The newly deployed AGVs used Wi-Fi to connect to the network but would randomly stop working. For more than 6 months, the IT organization saw these systems fall off the Wi-Fi network. And these are not inexpensive devices.

The AGVs are designed to constantly check in to their command and control several multiple times a second. If a robot misses a certain number of “check-ins”, it freezes on the spot. This required manual intervention with the device on the warehouse floor to reset the IoT robot. The device behavior was clearly abnormal. But where was the problem hiding?

It’s a Wi-Fi problem. Or is it?

In their frustration, the network team approached the AGV vendor for assistance. The response received was the typical: “It’s the Wi-Fi network.” Wrong answer, but quantitative proof was needed.

The wireless network had recently been upgraded and was functioning flawlessly with the exception of a particular SSID to which these IoT robots were connected. And because these IoT devices were directly tied to line of business goals, time was of the essence. The traditional means of triaging the problem would simply take too long, negatively impacting revenue and productivity.

To identify the root cause of the problem, network engineers needed to analyze in real-time each network transaction that the robots were performing so that they could understand the relationship between the transactions to get to the heart of the problem. This could take weeks of scouring through log, raw packets and other data from a variety of disparate vendor tools. Instead, IT engineers turned to an AI-based analytics platform that was divorced from any infrastructure vendor.

The software-only platform could be quickly deployed to ingest and automate the analysis of packet data spanned from switches, wireless metrics from WLAN controllers, SYSLOG data from DNS, DHCP and other network services, WAN flows and application response times. By doing this, in short order, IT engineers identified the issue. And guest what? It’s wasn’t a Wi-Fi issue.

An excessive number of DHCP problems were occurring on the SSID to which the AGVs were connected. A closer look revealed that a DHCP snooping setting on a core router was holding the DHCP packets for too long before forwarding to the appropriate destination.

DHCP snooping is a layer 2 security technology built into the operating system of a capable network switch that drops DHCP traffic determined to be unacceptable. The fundamental use case for DHCP snooping is to prevent unauthorized (rogue) DHCP servers offering IP addresses to DHCP clients.

DHCP snooping filters messages. In an enterprise network, devices under administrative control are considered trusted sources. These devices include the switches, routers and servers in the network.

Once a DHCP snooping setting was changed on their core routers, affected devices saw more than a 36% improved performance through the reduction of DHCP protocol latency issues (see figure below).

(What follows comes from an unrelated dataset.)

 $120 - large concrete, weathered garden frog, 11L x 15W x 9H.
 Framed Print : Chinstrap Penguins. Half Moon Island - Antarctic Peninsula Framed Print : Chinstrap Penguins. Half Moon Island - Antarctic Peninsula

Consequently, the intermittent connectivity of the AGVs disappeared.

This was the precise data that the IT staff needed to prove that this incident wasn’t a Wi-Fi issue. Screen shot validates before and after device performance after DHCP setting was removed from core router.

Automating Network Data Analysis No Longer Optional

While Wi-Fi continues to be a pain for IT staff, it’s simply not the source of every network problem. Siloed infrastructure management solutions were never designed to analyze and compare the preponderance of data running across today’s enterprise infrastructure to solve these sorts of issues.

Moving towards intelligent, purpose-built analytics platforms is an essential first step. This helps organizations to reduce the cost and glut of vendor tools they must buy, learn and use to do their jobs.

With these new AI-based platforms, IT can now automate the analysis and correlation of huge volumes of traffic, reaching faster answers to complex network questions along with essential context to performance and security problems that can cut remediation times in half.